Of the 42,299 recorded crashes last year, 19,336 of these crashes resulted in 405 fatalities and 24,623 injuries.
“The estimated cost to the community from all crashes was more than $5.1 billion, but there is no price on a life or the devastating injuries many victims receive from road trauma,” Ms Prendergast said.
“To tackle the issues which are at the centre of many fatal crashes, road safety campaigns are running during important times to remind motorists of avoidable risks.”
During December and January the NSW Government’s successful “Don’t Rush” road safety campaign featuring Associate Professor Brian Owler is running to help reduce road deaths and injuries in NSW by questioning the value of rushing on the road.
Around 11 per cent of all vehicle occupant fatalities were not wearing an available seat belt, with 74 per cent of these fatalities occurring on country roads.
To address this behaviour during the holiday period, the “Clip Every Trip” campaign is running at regional cinemas across the state to remind motorists and their passengers to belt up.
Where alcohol results for a crash were known, drink driving was a factor in more than half of fatal crashes on Thursday, Friday and Saturday nights and in 19 per cent of all fatal crashes.
To remind motorists during the holiday season about the risks of drink driving, the familiar anti-drink driving “Paranoia” advertising campaign is running during the Christmas and New Year period to deter motorists from drinking and then getting behind the wheel. This campaign supports other strategies used to reduce drink driving on NSW roads including enforcement and school based education programs.
Holiday motorists are being urged to heed the warning signs of fatigue in the NSW Government’s latest “Wake Up to The Signs” road safety campaign which recently started.
Fatigue was determined to be a factor in at least 15 per cent of the 365 fatal crashes in 2010.
“Where we can, we will continue to target behaviour on our roads which has an impact on the NSW road toll,” Ms Prendergast said.
“At the same time, important initiatives from the five year $170 million Road Toll Response Package continue to be rolled out.
“This includes initiatives covering pedestrian safety, motorcycle safety, speed management, heavy vehicle safety, as well as road safety upgrades including highway safety reviews, the installation of rumble strips, wire rope barriers and the widening of road shoulders in high crash areas,” she said.
The NSW Centre for Road Safety’s Statistical Statement of Road Traffic Crashes summarises NSW crash statistics in 2010.
It shows compared to the previous year fatal crashes and fatalities declined by around 10 per cent, while the number of injury crashes and injuries rose slightly.

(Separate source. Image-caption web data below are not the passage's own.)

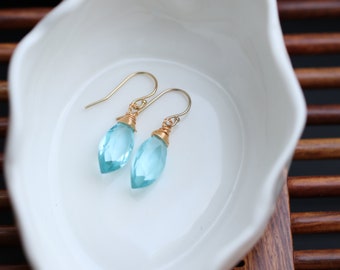 Rose gold earrings, light blue gold earrings, elegant jewelry, sky blue stone, quartz pendant, bridal earrings, wedding jewelry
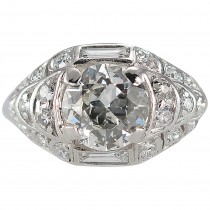 1.18 Carat Old European Cut Diamond and Platinum Engagement Ring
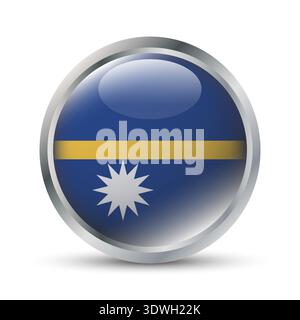 Nauru drapeau 3D illustration badge Illustration de Vecteur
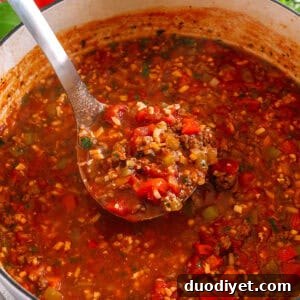 Classic Stuffed Pepper Soup Recipe 5 Bowl of stuffed pepper soup ready to serve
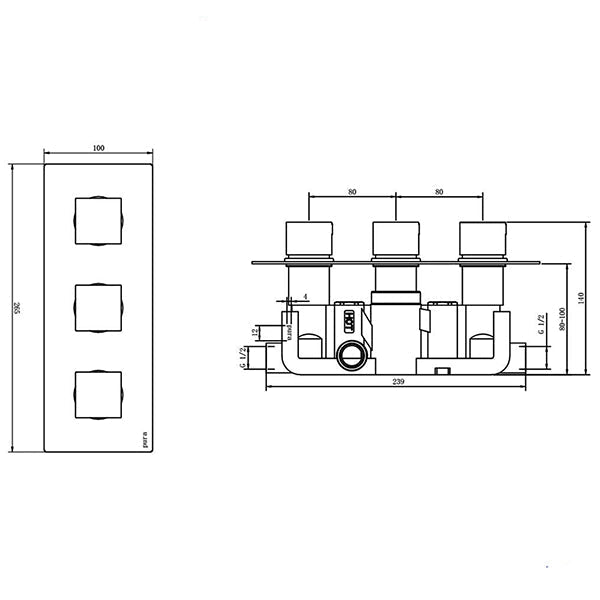 Imex Bloque2 Chrome Concealed Thermostatic Shower Valve - Rectangular Trim - 3 Control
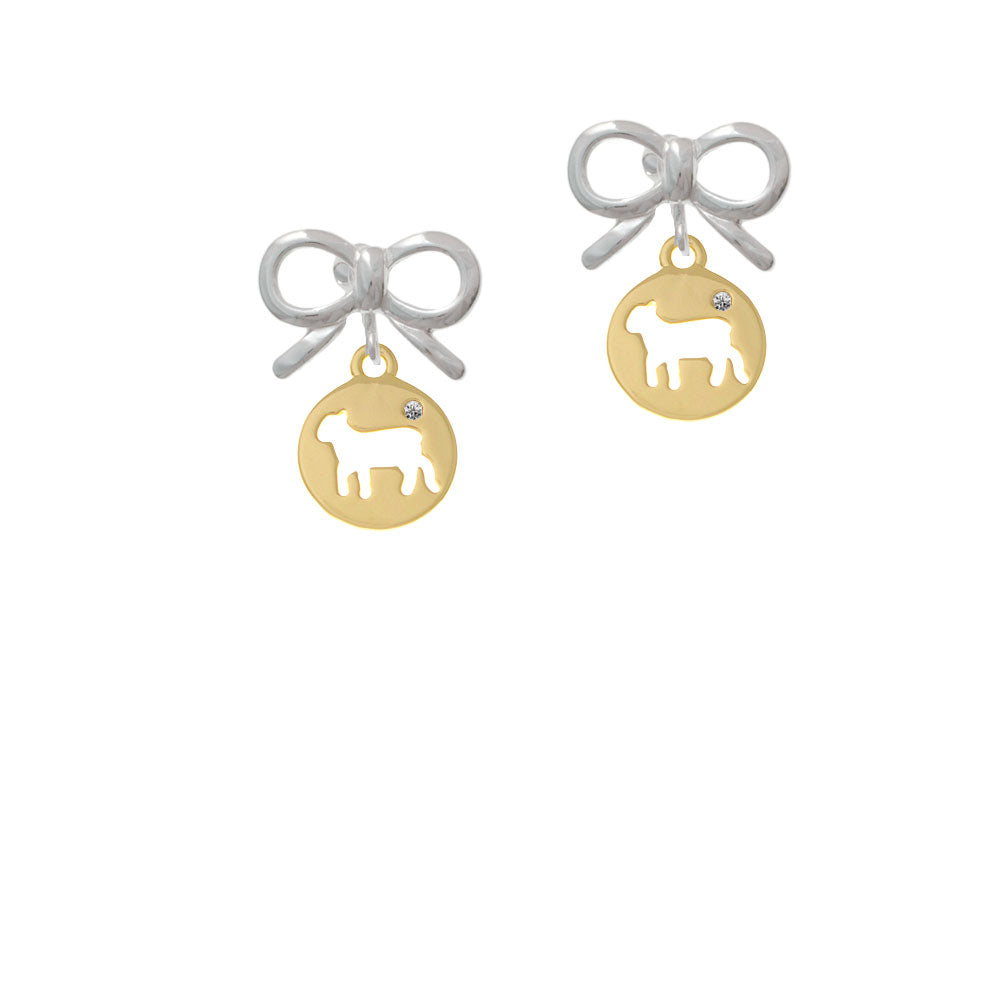 Gold Tone Lamb Silhouette Crystal Clip On Earrings Image 9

The fatality rate per population was the second lowest since records began in 1908.
Fatal crashes continued to be overrepresented on country roads with country residents accounting for almost three quarters of the motorists involved in these crashes.
While 34 per cent of all recorded crashes happened on country roads, this rose to 68 per cent for fatal crashes. Per head of population a country resident is around four times more likely to be killed in a road crash compared with a metropolitan resident.